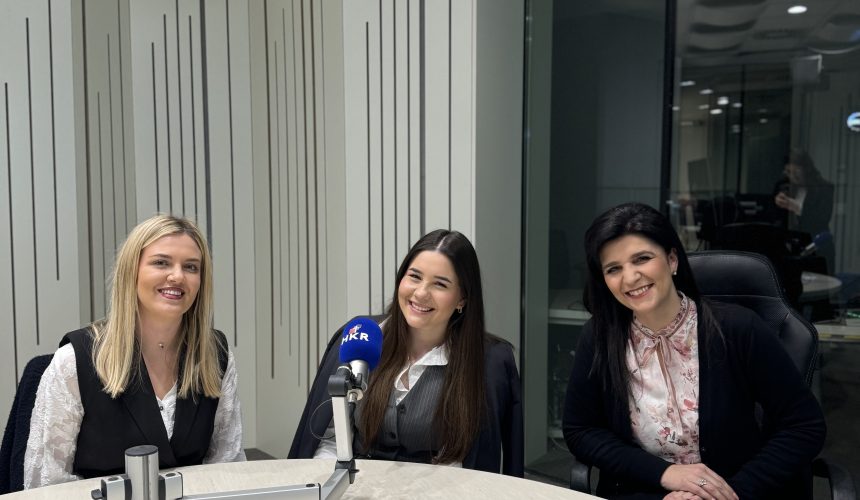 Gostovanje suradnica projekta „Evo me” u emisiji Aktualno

####################

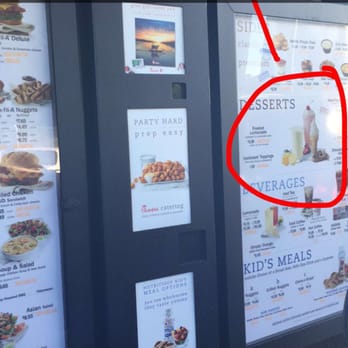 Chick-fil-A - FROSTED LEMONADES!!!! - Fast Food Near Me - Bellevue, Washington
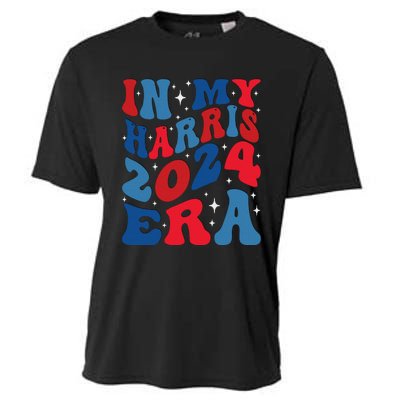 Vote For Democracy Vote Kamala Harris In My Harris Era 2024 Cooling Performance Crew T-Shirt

####################

# ACTIVITY:
Your answer is the exact run of lines above from the one with "Chick-fil-A - FROSTED" through the one with "Vote For Democracy", both ends included, minus any picture.

# OUTPUT OF THE EXERCISE:
 Chick-fil-A - FROSTED LEMONADES!!!! - Fast Food Near Me - Bellevue, Washington
 Vote For Democracy Vote Kamala Harris In My Harris Era 2024 Cooling Performance Crew T-Shirt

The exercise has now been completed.